SJ, my first car after I got married was my dad's Vega station wagon, a true rustbucket with fake wood on the side. I remember driving it on the expressway through downtown Philly when it dropped its muffler. I tied a rope around the muffler and my wife, in the passenger seat, held on to the other end to keep it from dragging on the road and throwing off sparks. As we limped home, a dude passed us and yelled "GET THAT PIECE OF SH!T OFF THE ROAD!". And my wife yelled back "WE'RE TRYING!!!"
My brother had a '74, 4-banger, bone stock and still < 1 year old at the time, manual tranny (he bought it new, for $1,999.99). I got the power lag down (pedal to the floor, about 1 sec to what actually wasn't bad power for a car that size), and could actually do far, far, better on more serpentine roads and gravel than the guys who were driving cars set up to drag race. On the straight stretches they blew the doors off that thing, but I had them cold in the turns.
In a contest of speed on the approach road to the Steel Plant (fabrication, not a mill) I worked in during a couple of summers in college, I beat a Mustang which was very nicely set up for drag racing over the two mile course. He had me in the straight stretch (as I knew he would) but I closed it up in the turns and started beeping my horn to rattle him. He went high, I went low, and a lot of money changed hands back at the plant. He thought I'd pulled something with a sleeper until I popped the hood and showed off the factory 4-banger.
(Physics is our friend.)
If my brother had known...he would have killed me.

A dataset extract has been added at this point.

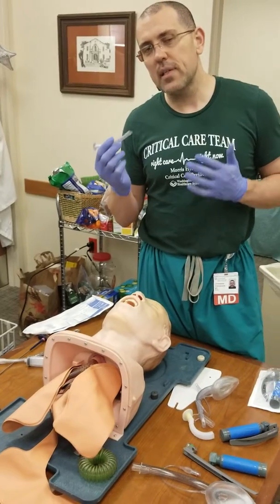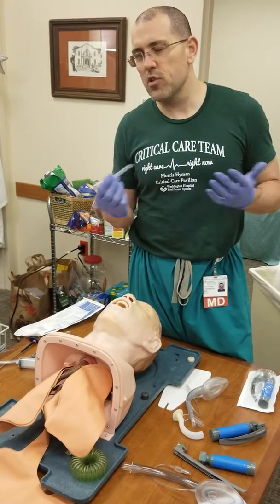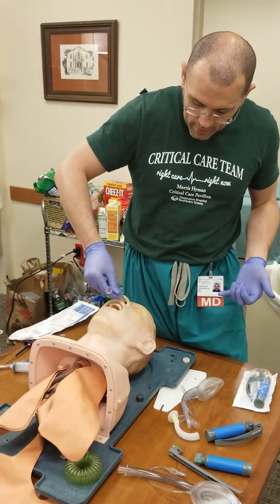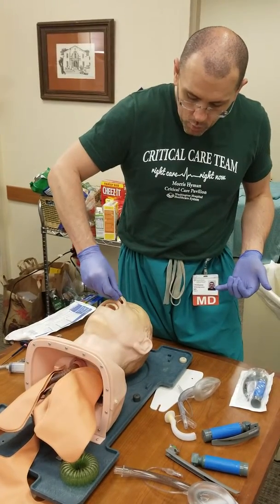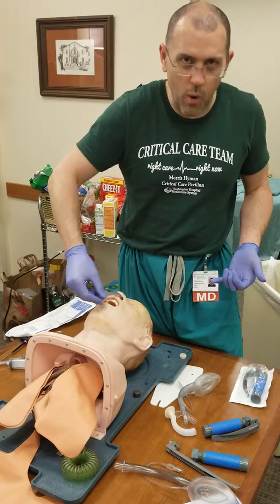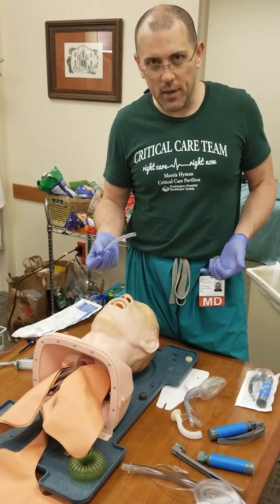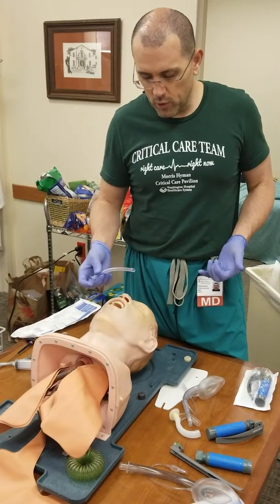Now a commonly seen mistake with the nasal trumpet is that because people think the air comes up, they think they need to angle it upward to get it in. You don't go up — you're not putting in a VP shunt into one of the ventricles of the brain.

Years later, as a favor to a friend who was moving, I bought a '73 hatchback which was a complete bondo buggy. It would have been banned in Bowman, ND, which has an ordinance against ugly cars in town. No matter how vague the ordinance, this mustard yellow, peeled bondo, and rust brown car would have unquestionably qualified.
One of the last things my friend had done before leaving town was park the car on a fairly sizeable rock, and he'd bent the bottom of the oil pan among other things. The oil industry had been flat a few years and money was tight, so I gave him the 20 bucks and parked it in back, thinking maybe I'd use something off it. Unfortunately, my daily driver suffered a catastrophic failure and I
needed a vehicle.
I jacked the front end back into something approximating original specs with a jack between the cross member the radiator mounted above and the front of the engine, got another radiator, put it together (as well as the bolts would hold anything) and fired it up. The crank journals hit the oil pan and made a hideous racket, but the darned thing ran--sorta. Anyway, well enough to get me around town, which was what I needed at the time. I'm cheap, I drove it for a couple of years before upgrading, just because it kept running. On the highway, though, it shook and shimmied like Chuck Yeager's controls while breaking the sound barrier at 55, and I scared a few people who rode with me, just going down the road. Of course, I expected it, knew it was the fouled up "frame" geometry, but they didn't.
Anyway, after upgrading to a van, I parked it again, and finally sold it to a guy who wanted it for the steering gear to use in a hot rod he was building, and got more out of the car than I'd put into it, and got to drive it for a couple of years, too.
All in all, they don't owe me, and I found them to be pretty good cars for their weight class.